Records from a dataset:
Content starts
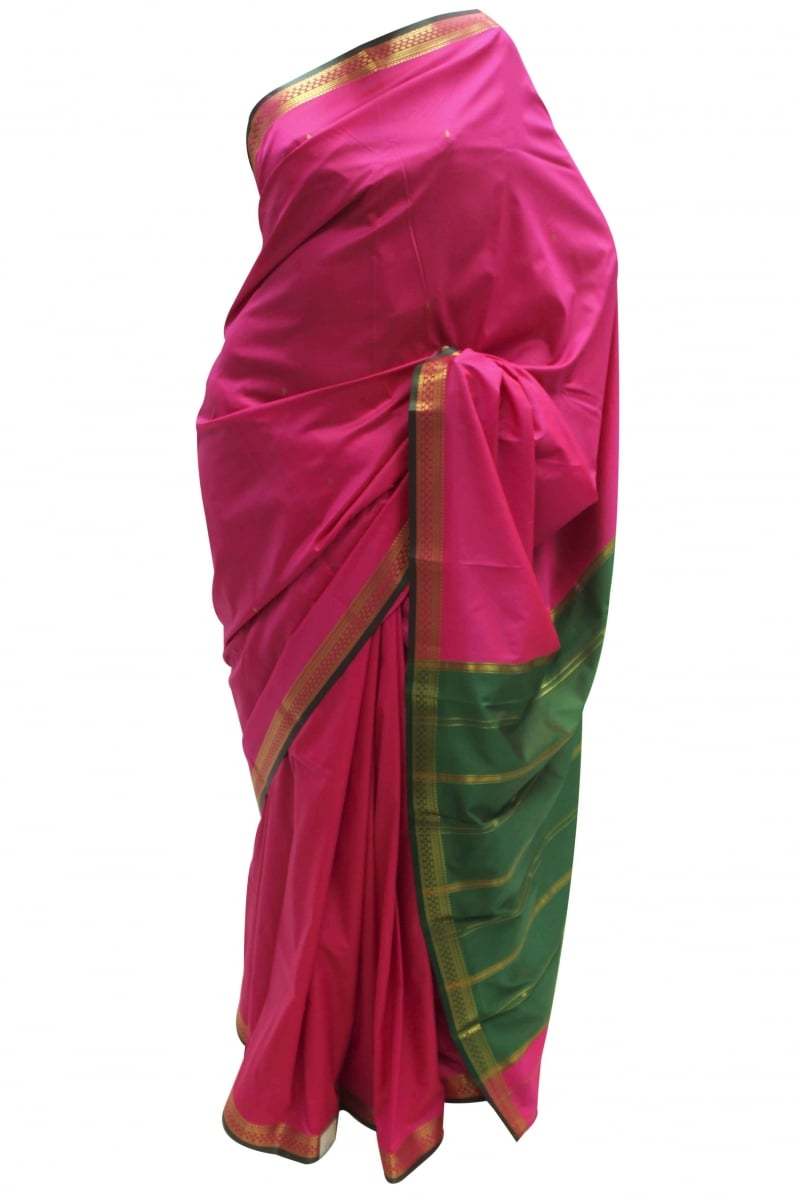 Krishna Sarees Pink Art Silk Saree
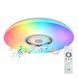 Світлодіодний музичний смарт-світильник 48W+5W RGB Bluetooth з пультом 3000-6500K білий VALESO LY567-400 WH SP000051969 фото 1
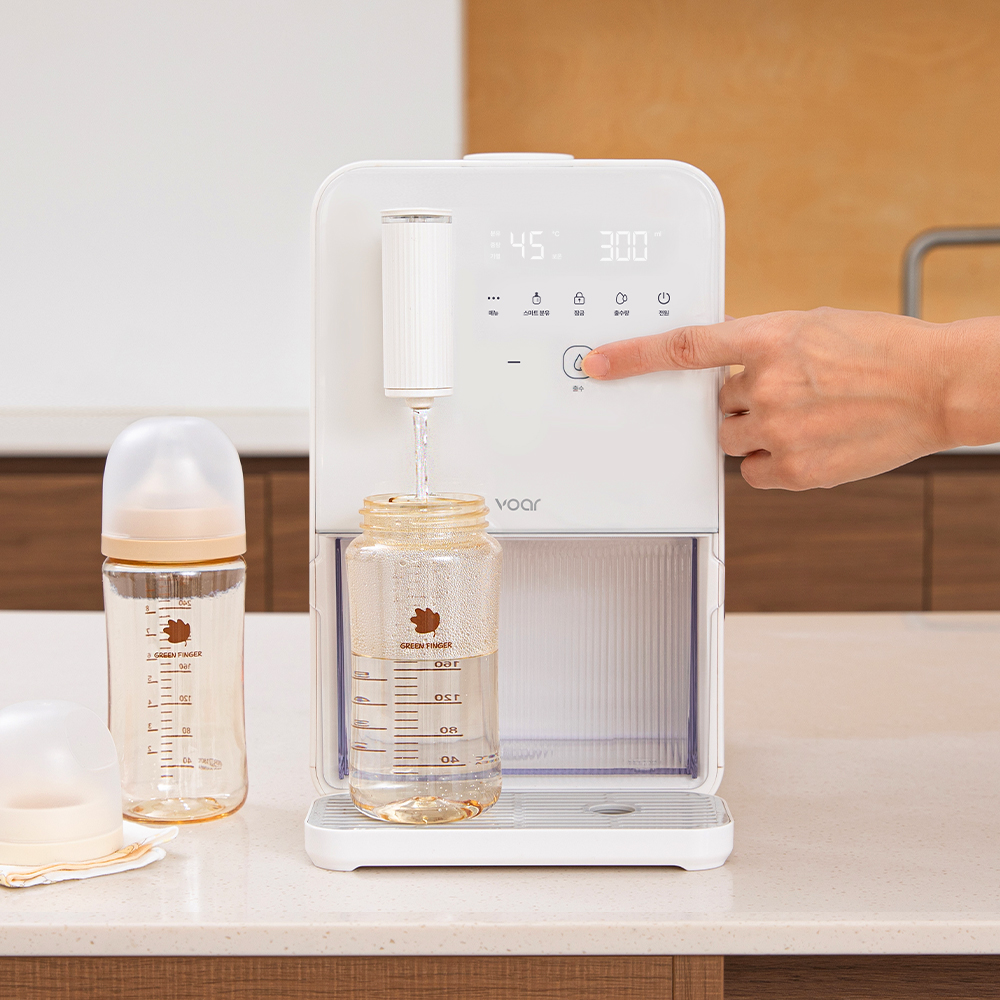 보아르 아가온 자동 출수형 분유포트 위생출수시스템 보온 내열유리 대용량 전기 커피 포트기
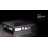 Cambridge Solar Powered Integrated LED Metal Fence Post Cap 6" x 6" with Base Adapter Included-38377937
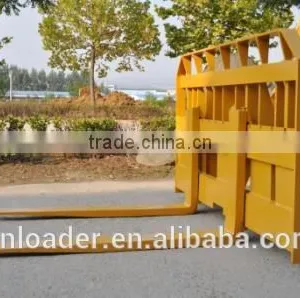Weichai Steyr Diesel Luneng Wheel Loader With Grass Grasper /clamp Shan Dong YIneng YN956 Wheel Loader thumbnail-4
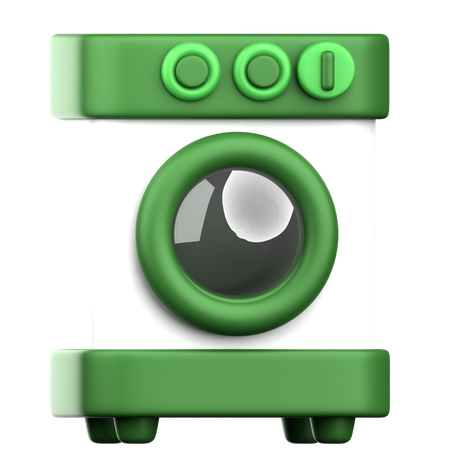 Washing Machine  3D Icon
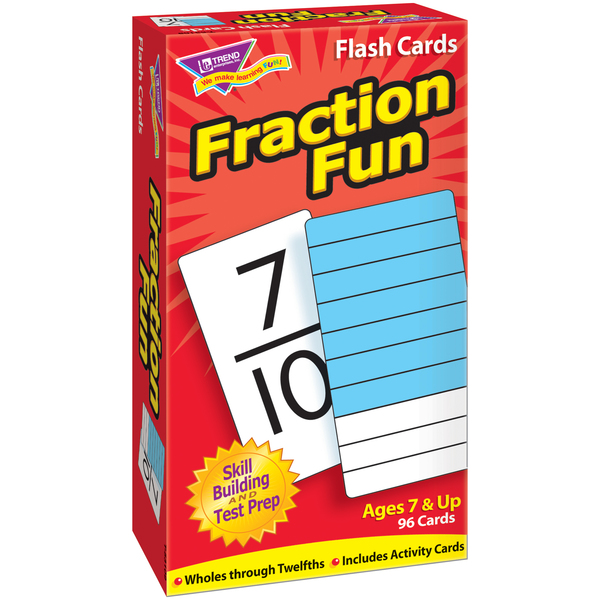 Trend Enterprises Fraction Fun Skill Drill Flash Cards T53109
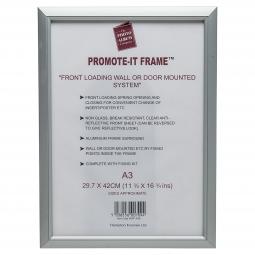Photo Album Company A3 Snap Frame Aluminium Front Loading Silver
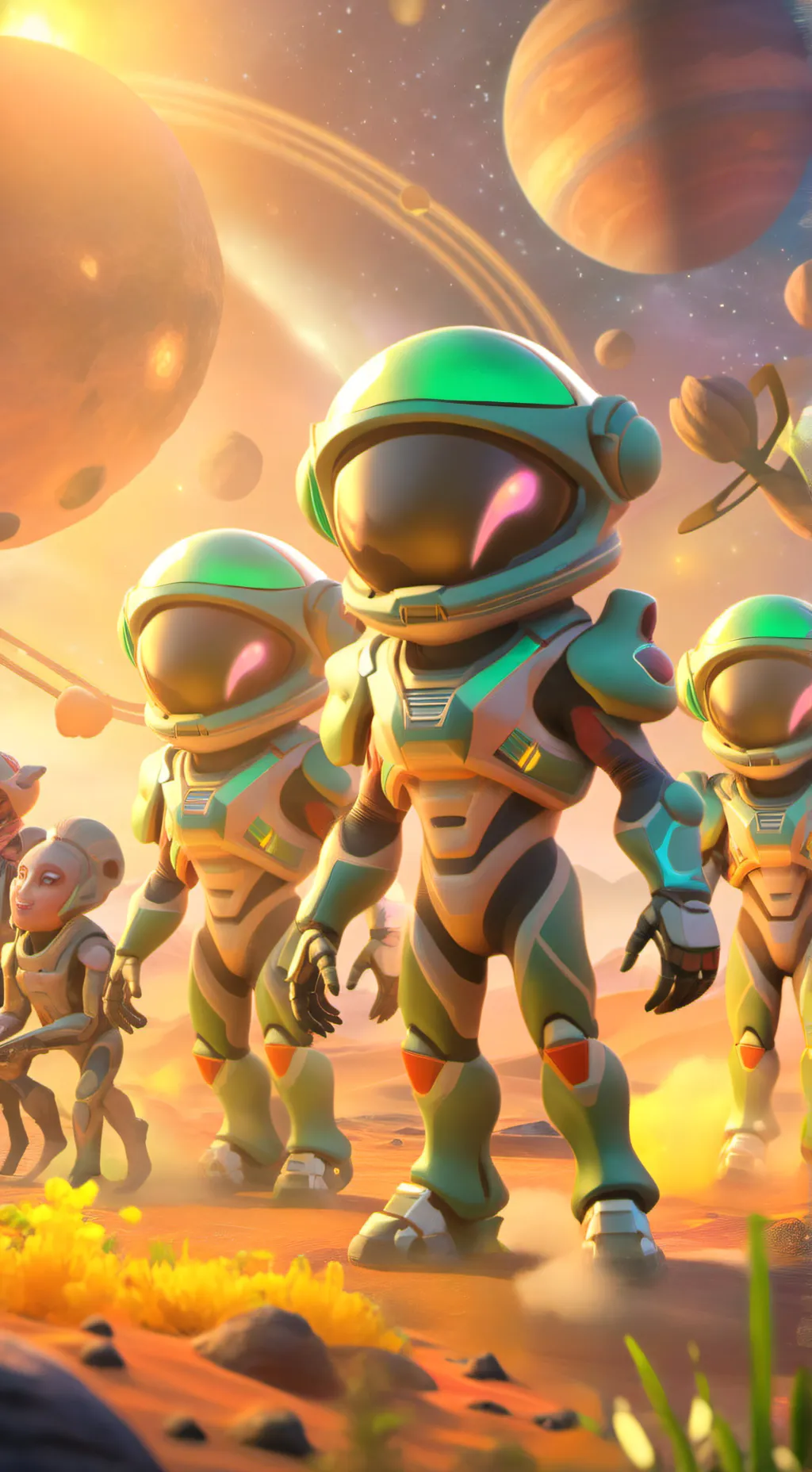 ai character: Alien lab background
Content ends
> **Exercise requirements**: When you copy the records above, keep every word exact and leave out the pictures they contain.

> **Exercise answer**:
 Krishna Sarees Pink Art Silk Saree
 Світлодіодний музичний смарт-світильник 48W+5W RGB Bluetooth з пультом 3000-6500K білий VALESO LY567-400 WH SP000051969 фото 1
 보아르 아가온 자동 출수형 분유포트 위생출수시스템 보온 내열유리 대용량 전기 커피 포트기
 Cambridge Solar Powered Integrated LED Metal Fence Post Cap 6" x 6" with Base Adapter Included-38377937
Weichai Steyr Diesel Luneng Wheel Loader With Grass Grasper /clamp Shan Dong YIneng YN956 Wheel Loader thumbnail-4
 Washing Machine  3D Icon
 Trend Enterprises Fraction Fun Skill Drill Flash Cards T53109
Photo Album Company A3 Snap Frame Aluminium Front Loading Silver
 ai character: Alien lab background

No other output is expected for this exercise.